Michael L. Fischer Print

M.C.P. 1967

Michael Fischer arrived in the Bay Area from San Antonio, searching for a career, when he encountered the Sierra Club’s first coffee-table book, This is the American Earth, with photographs by Ansel Adams and poetry by Nancy Newhall. He said to his counselor at Foothill College, “This is what I want to do.” After reading the book, she thoughtfully told Michael, “Get your degree in political science, and think about city planning.” He did both, graduating from Santa Clara University with a B.A. in Political Science and from Berkeley’s Department of City and Regional Planning (DCRP) with a Master in City Planning.

He began his planning career at the local level in different planning capacities for the City of Mountain View, San Mateo County, and San Francisco. As a board member of the Planning and Conservation League, he learned the statewide planning ropes, becoming a leader in the establishment of Proposition 20, the citizen initiative that created the California Coastal Commission.

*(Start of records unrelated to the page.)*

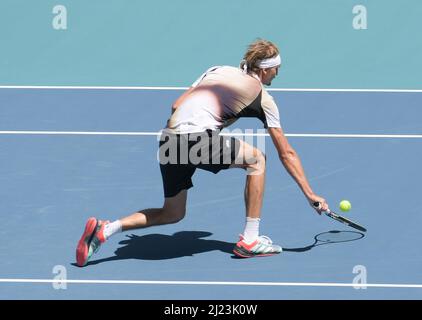 Alexander Zverev (GER) ha sconfitto Thanasi Kokkinakis (AUS) 6-4, 6-4, al Miami Open in corso di disputata all'Hard Rock Stadium di Miami Gardens, Florida il 29 marzo 2022: © Karla Kinne/Tennisclix/CSM Foto Stock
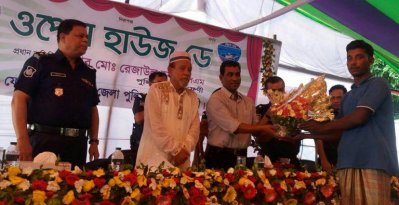 সেই রিকশাচালককে পুরস্কৃত করলেন পুলিশ সুপার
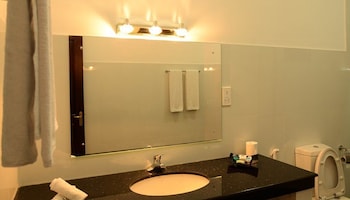 marina beach passikudah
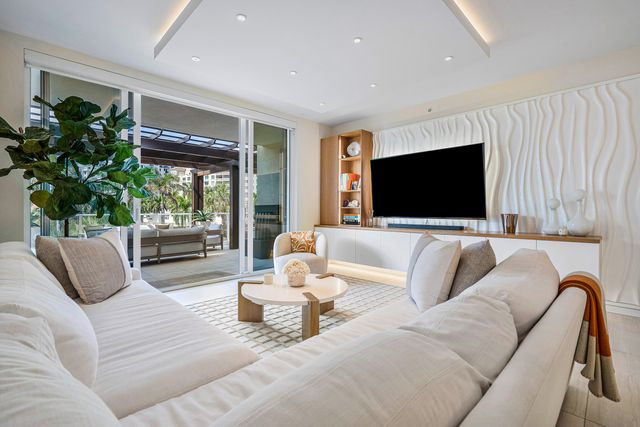 200 SE Mizner Boulevard 308, Boca Raton, FL 33432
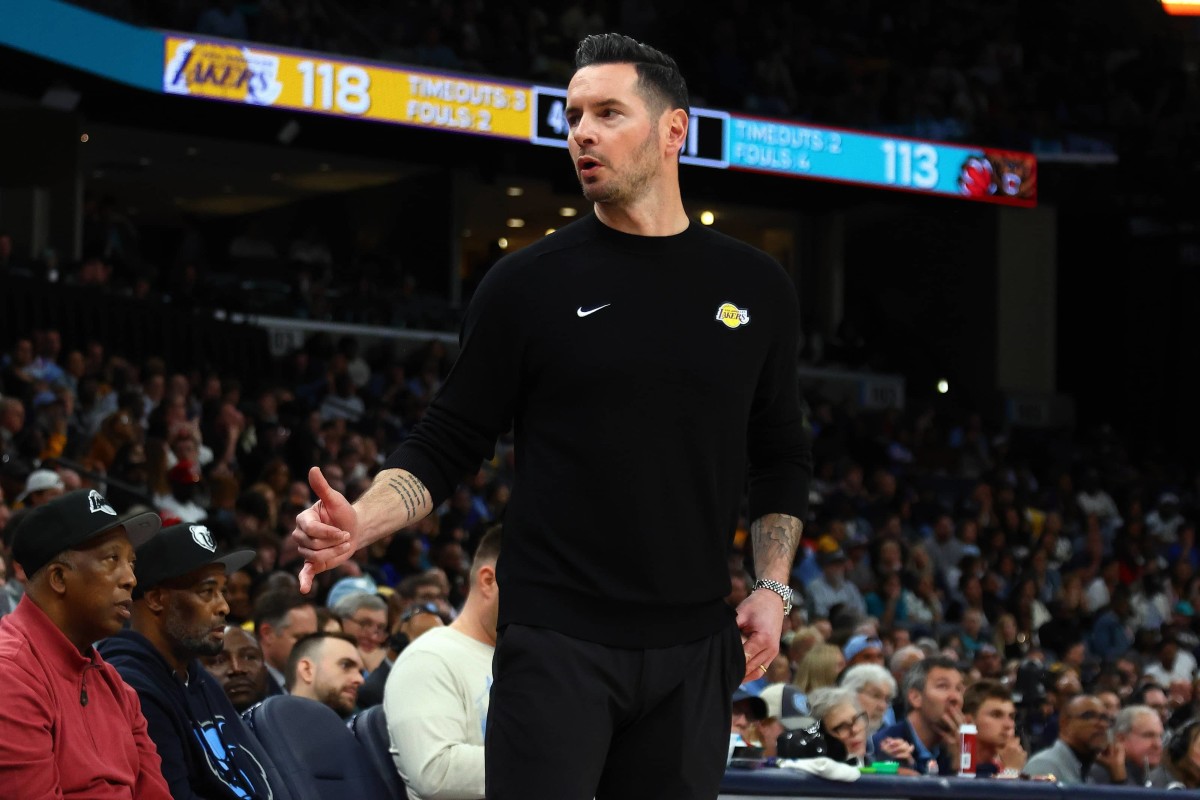 Memphis, Tennessee, USA; Los Angeles Lakers head coach JJ Redick reacts during the fourth quarter against the Memphis Grizzlies at FedExForum. Mandatory Credit: Petre Thomas-Imagn Images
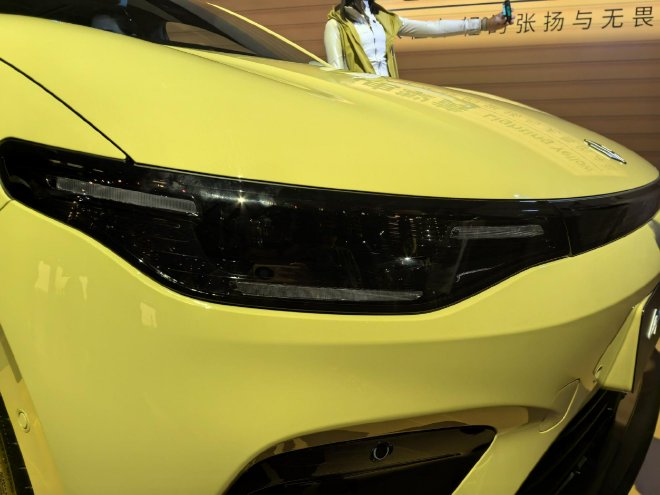 售价9.78-12.18万元 零跑Lafa5正式上市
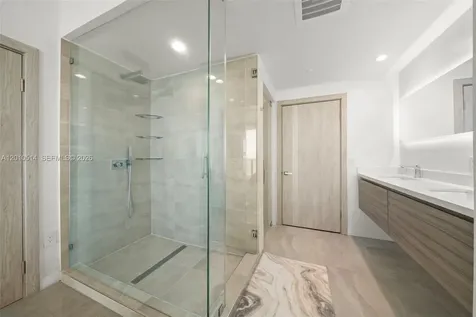 460 NE 28th Street Miami FL 33137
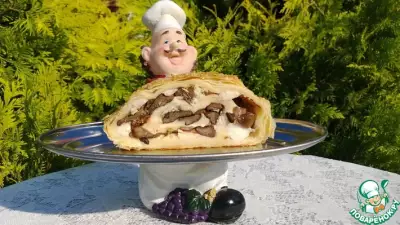 Рулетный пирог с грибами и курицей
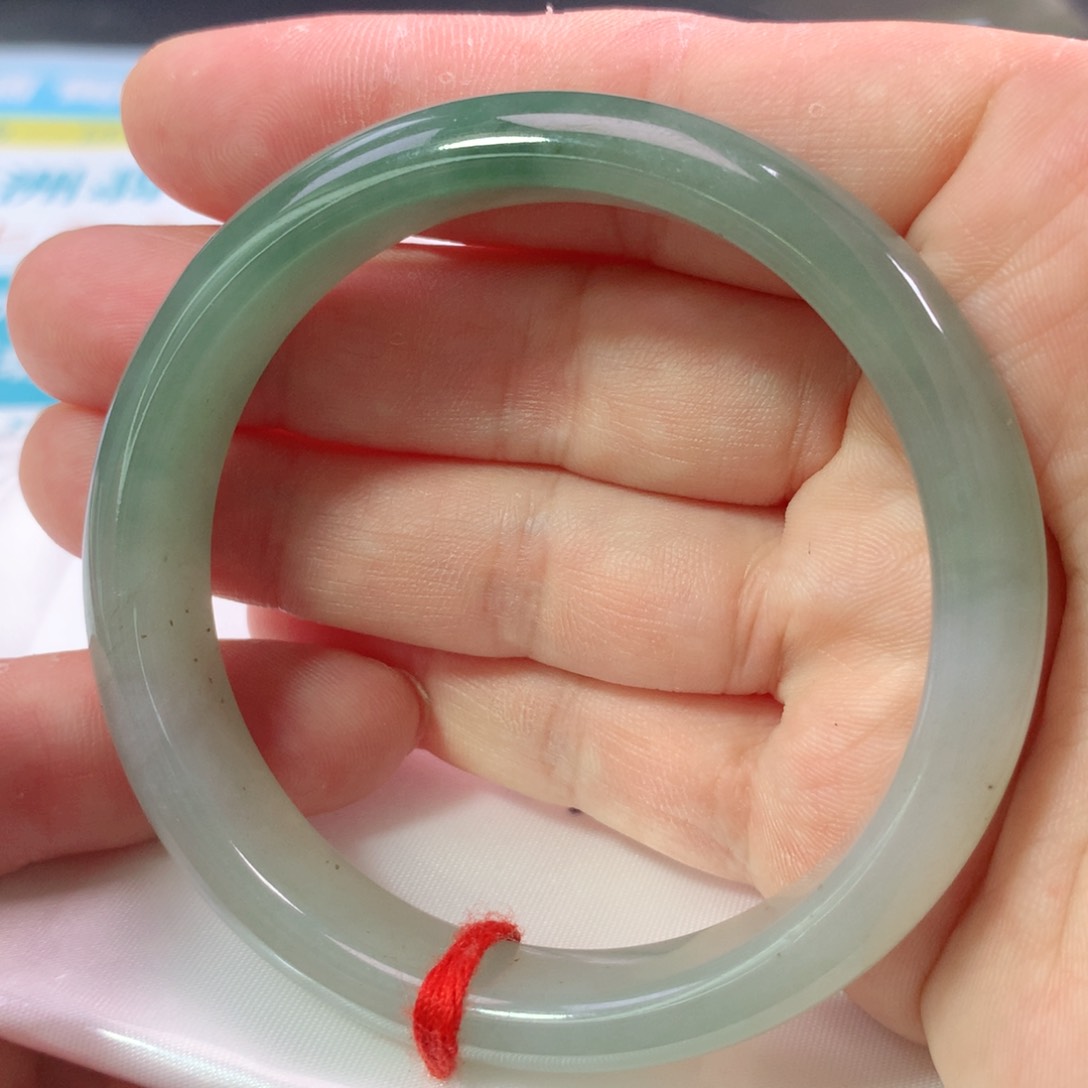 翡翠手镯未镶嵌1023号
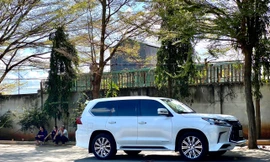 Tài xế xe Lexus chờ suốt 6 tiếng để được đăng kiểm ở Đắk Lắk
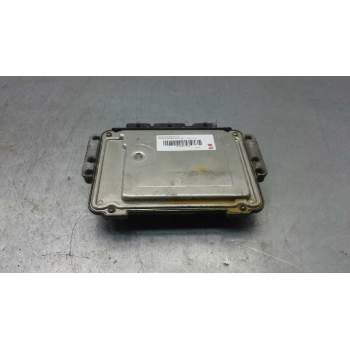 Recambio de centralita motor uce para peugeot 206 berlina x-line referencia OEM IAM 0281010707 9647158080 BOSCH
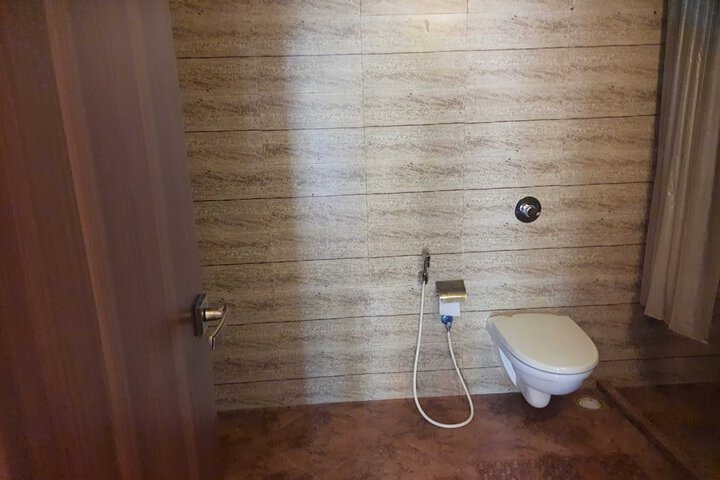 Room 46 of 78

Michael Fischer dedicated much of his career to protecting and planning for the future of the 1,100 miles of California coast:

  • As the first executive director of the Bay Area’s Regional Coastal Commission, he was responsible for producing a coastal plan for the region.
     
  • As the second statewide executive director of the California Coastal Commission, he quickly became enmeshed in the national controversy surrounding offshore oil drilling, prevailing in a US Supreme Court case, Exxon v. Fischer. He led the transition from statewide coastal planning to the approval of local coastal plans.
     
  • He was a founding leader of the Coastal States Organization, an alliance of state coastal program directors which advocated for enlightened federal policy and funding for state programs.
     
  • Years later, he served as executive director of the California Coastal Conservancy, which completed numerous projects under his tenure including the restoration of tidal wetlands at Sonoma Baylands.
     

Between the Coastal Commission jobs, he served as deputy director and chief of policy for Governor Jerry Brown’s Office of Planning and Research. He was the principal author of California’s only adopted statewide plan, An Urban Strategy for California.

As Executive Director of the national Sierra Club, he oversaw its unprecedented growth in membership, initiated the Club’s environmental justice work, and led the Club through its 100th Anniversary and its first capital campaign, which was successful in raising $100,000,000.

Michael brought his full-time career to a close as director of the William and Flora Hewlett Foundation’s environmental grantmaking program.  During those six years, his perspective expanded to an international view, enabling him to provide more than $100,000,000 for locally-based planning and environmental programs all over the world.

In every position he held, the lessons learned at DCRP were influential: Never seek a piecemeal approach to any problem; always seek to integrate, to assemble a comprehensive, collaborative, long-range approach; technical skills are essential but useful only if they are married to strategic, gutsy policy advocacy; teamwork, partnerships, respect for individuals and for diversity. Those were the lessons taught not only in class but in the many examples set by the interpersonal and professional relationships among the students and professors. DCRP provided a lasting base for Michael’s fluid, varied career, always focused on the initial objectives outlined in This is the American Earth.